London (CNN Business)Covid-19 vaccines have created at least nine new billionaires after shares in companies producing the shots soared.
Topping the list of new billionaires are Moderna (MRNA) CEO Stéphane Bancel and Ugur Sahin, the CEO of BioNTech (BNTX), which has produced a vaccine with Pfizer (PFE). Both CEOs are now worth around $4 billion, according to an analysis by the People’s Vaccine Alliance, a campaign group that includes Oxfam, UNAIDS, Global Justice Now and Amnesty International.
Senior executives from China’s CanSino Biologics and early investors in Moderna have also become billionaires on paper as shares skyrocketed, partly in expectation of profits earned from Covid vaccines, which also bode well for the companies’ future prospects. The analysis was compiled using data from the Forbes Rich List.
Moderna’s share price has gained more than 700% since February 2020, while BioNTech has surged 600%. CanSino Biologics’ stock is up about 440% over the same period. The company’s single-dose Covid-19 vaccine was approved for use in China in February.
Activists said the wealth generation highlighted the stark inequality that has resulted from the pandemic. The nine new billionaires are worth a combined $19.3 billion, enough to fully vaccinate some 780 million people in low-income countries, campaigners said.
“These billionaires are the human face of the huge profits many pharmaceutical corporations are making from the monopoly they hold on these vaccines,” Anne Marriott, Oxfam’s health policy manager, said in a statement. “These vaccines were funded by public money and should be first and foremost a global public good, not a private profit opportunity,” she added.

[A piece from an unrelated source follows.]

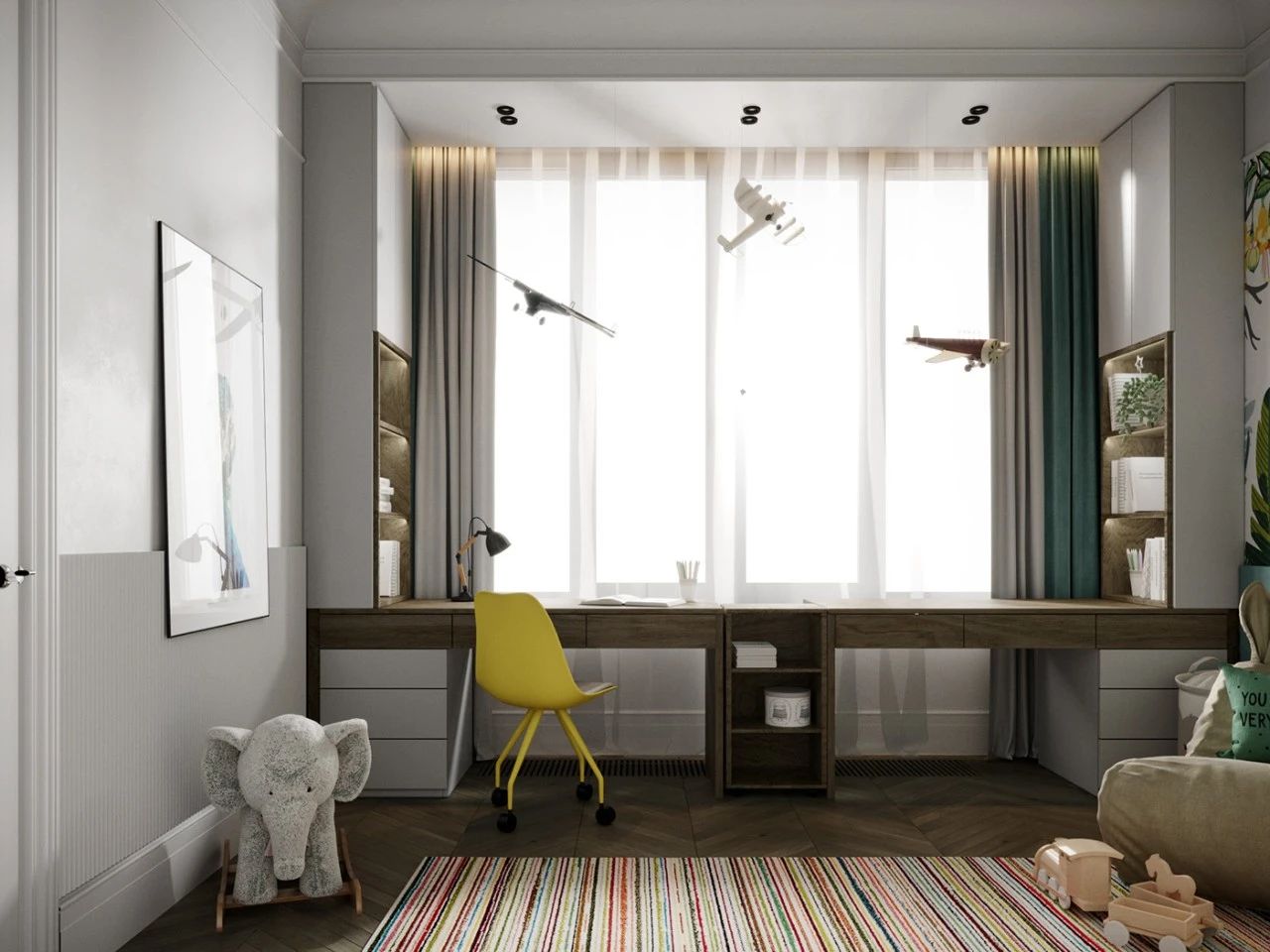 清新蓝绿色公寓，打造出腔调十足的时尚质感！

The report coincides with the G20 Global Health Summit taking place on Friday at which world leaders are expected to discuss waiving intellectual property rights on vaccines.
US President Joe Biden has backed the move, which supporters say will help expand the global supply and narrow the vaccination gap between rich and poor countries. Opponents, such as Germany, have argued that protecting intellectual property is vital to innovation and say that removing patents won’t meaningfully increase supply due to limited production capacity and insufficient vaccine components.